I almost made that scene. I'd planned and prepared the night before I was to begin shooting. Odd that it was that scene I was planning on shooting and the very next day, my father died.

I never really made the connection till a few days later, and as horrible as it may sound, I missed some great shots during the funeral I could have had. Oh sure, with money, I could assemble a cast to completely re-do the entire funeral, burial and all. But there is so much more there at the moment. Everything is genuine. And don't think for a second I didn't contemplate this, cause I did. But it was too hard to stay focused on doing that during all of what was going on.

I had the music selected. In fact, it was the music that inspired the scene itself and what I wanted and how I wanted it shot. It was a beautiful piece of music written by Hans Zimmer. Moving in and of itself, but with the images I wanted to add...I was hoping for the tear jerker of all tear jerkers.

My family, divided as it is, knows all too well how much I respect my parents, especially my mother. How I protect their honor even in death. But even with trying to do this, I have gotten some strange looks. Honestly, they don't want me to do it, and I am not sure if it's because they are scared to remember or not.

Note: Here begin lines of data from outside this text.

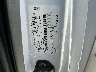 1FDWE3FL1ED****** Destrozados 2014 Ford E-350 Cutaway Box Truck en Estado de Florida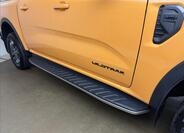 Ford Ranger 49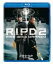 ȡ / R.I.P.D.2 BLU-RAY DISC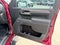 2025 Chevrolet Silverado 1500 4WD Crew Cab Short Bed RST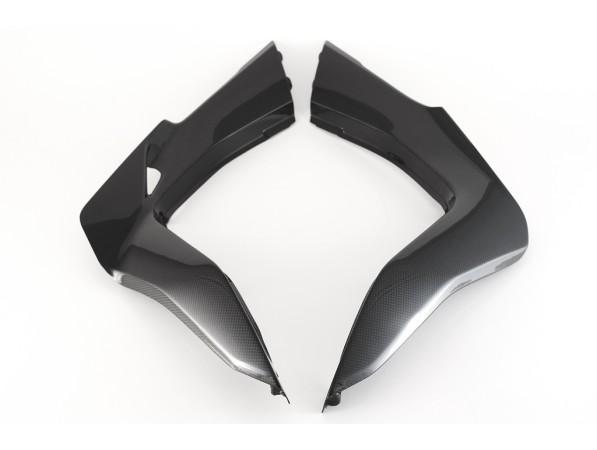 MD-MS17-C36 REAR SIDE PANELS - SET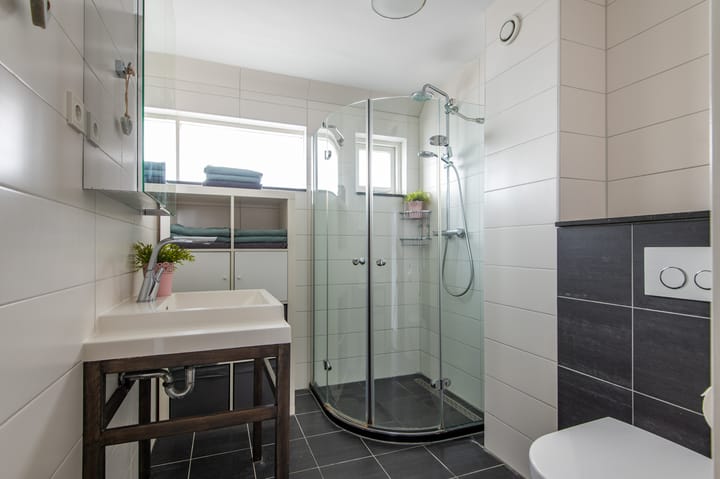 Foto 27 van Kleine Boterbloem 11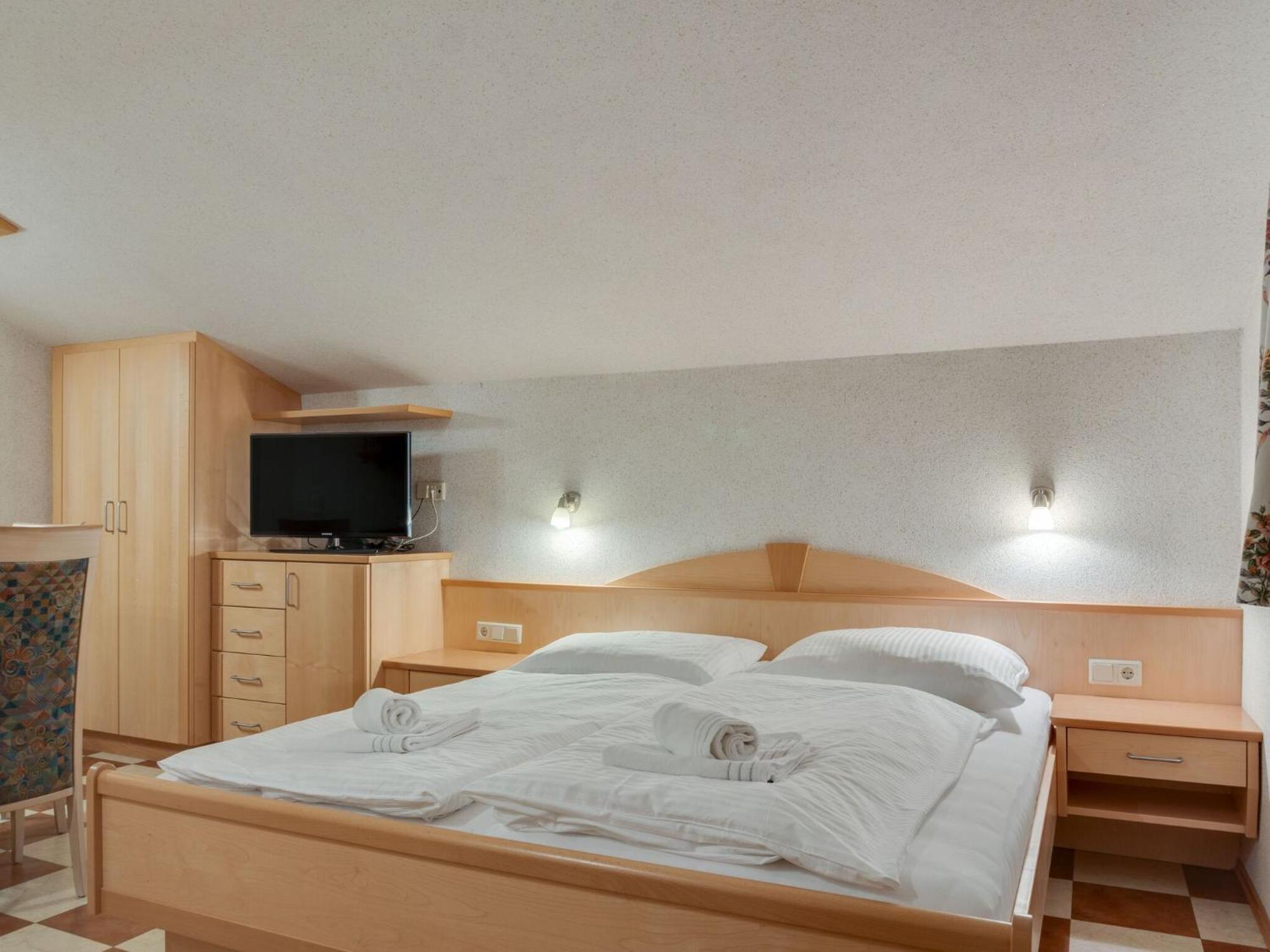 Beautiful Apartment In Zell Am See Near Ski Area Exterior foto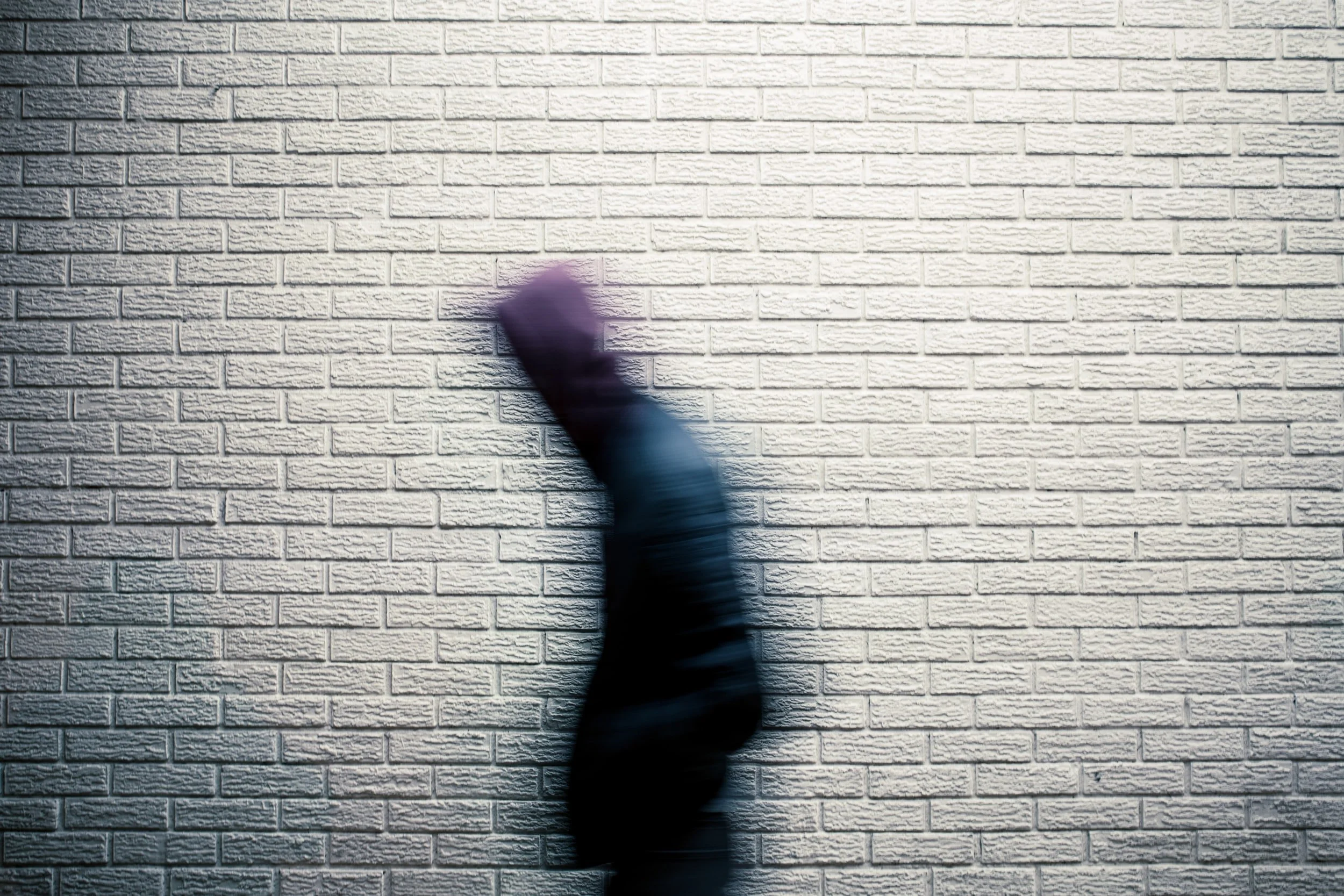 unsplash-image-8iN-YTPHAEw.jpg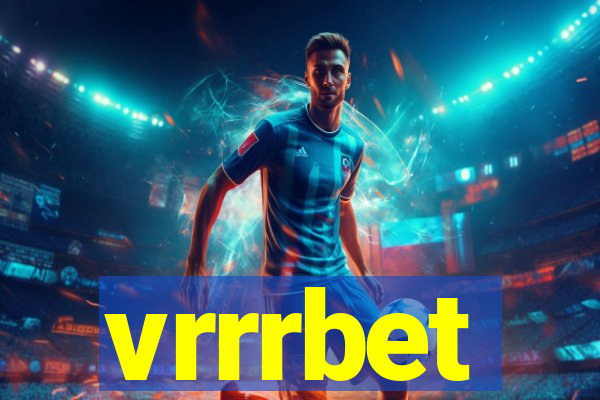 vrrrbet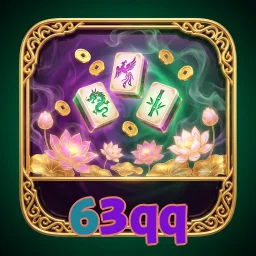 63qq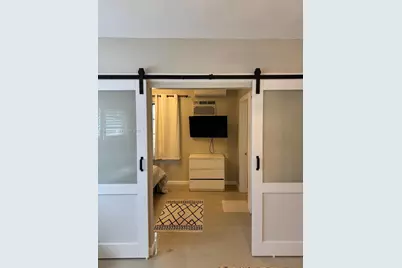 6767 Indian Creek Dr #11, Miami Beach, FL 33141 - Photo 2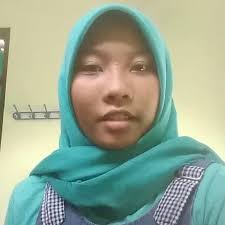 Cobak lek gawe berita ojo covid ae. 5 Contoh Gawea Ukara Panyuwun Brainly Co Id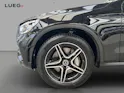 Mercedes-Benz GLC 200 AMG Line 4Matic 9G-Tronic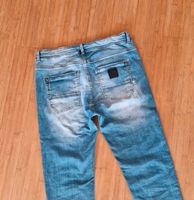 Vingino Jeans Diego slim - Gr.16 /176 - Neu Thüringen - Wichmar Vorschau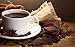 Bolivian Organic 100% Arabica Fresh Coffee Beans (Medium Roast (Full City +), 2.5 pounds Whole Beans)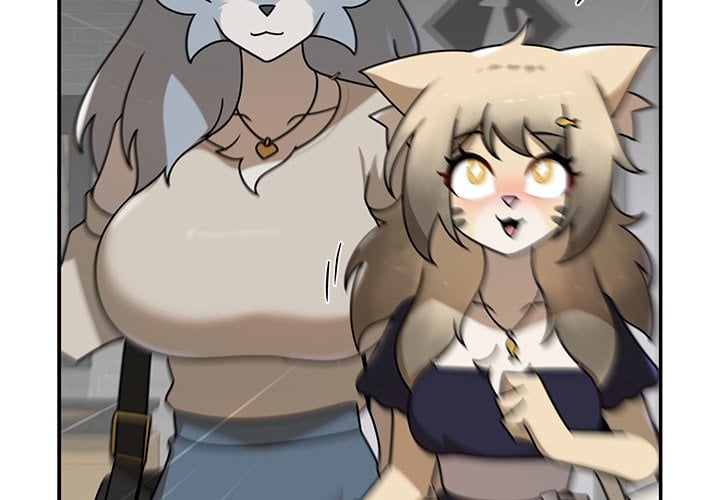 paws-on-campus-chap-19-1
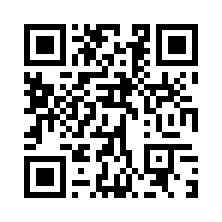 QR Code for 37H7KHFFnkYMNBTTmDFUTHoiGK3ee9Jcob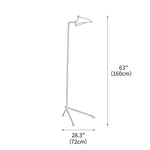 mouille-floor-lamp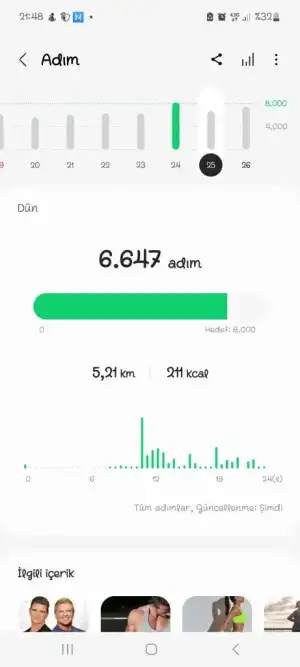 Screenshot_20230326_214833_Samsung Health.webp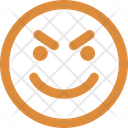 پیش‌نمایش فایل baffled-emoticon-1539007 از پک شکلک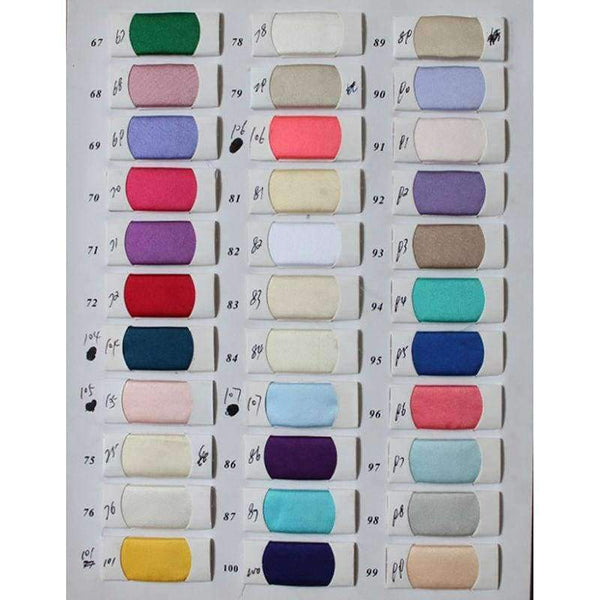 Planet Gates Ivory / 6 / China Vintage Mermaid Lace Wedding Dresses 2018 Robe De Mariee Backless Bridal Gowns Handmade Sexy Wedding Gowns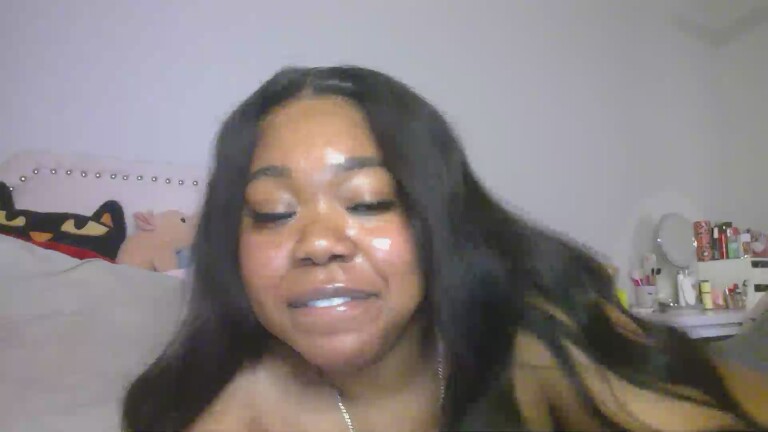 CassidyK's Streamate show and profile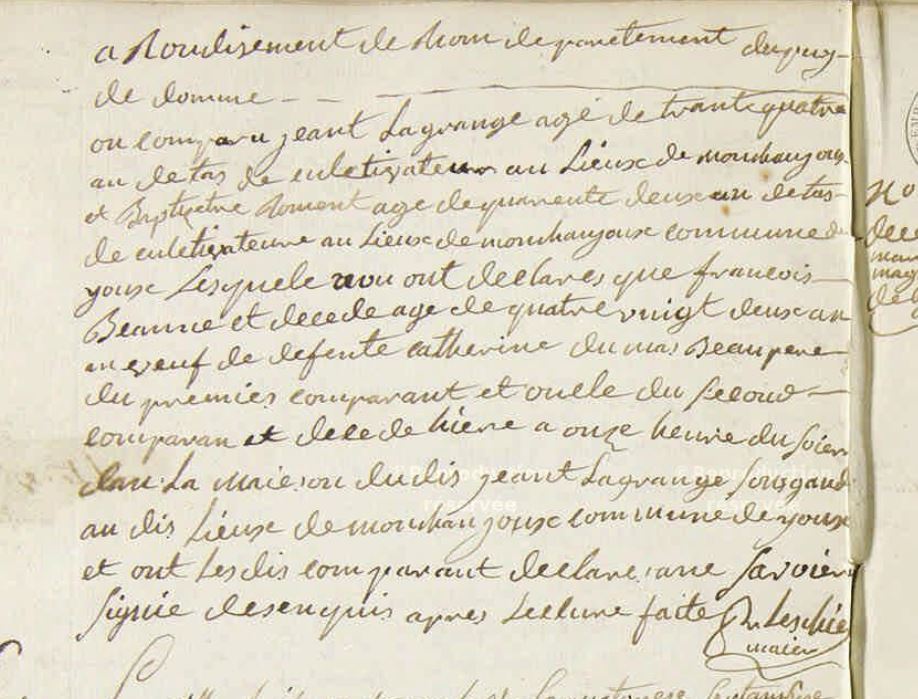 Deces Beaune Francois 2.jpg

Sometimes I am very scared to remember them. I can feel it coming and I hate the thoughts and what they bring. Other times, I'm just not in the mood to go through it. But I can never stop them. They come, and bring with them pain, joy, and sometimes both, all of which I take. The good with the bad. It can't all be good, you know? The bad is there to help us more appreciate the good.

And it isn't bad in a sense. Mainly just sad. But that comes with all their thoughts.
You have no idea how much I wish I could get a progress report from them now...if they've been watching.

I've said before that destiny is a path filled with dust, never quite clear of what's ahead. And the only way through it is to trust. Trust where that path takes you. Close your eyes if you have to, but go. Follow that path, as best you can through the dust, and trust it. Trust yourself.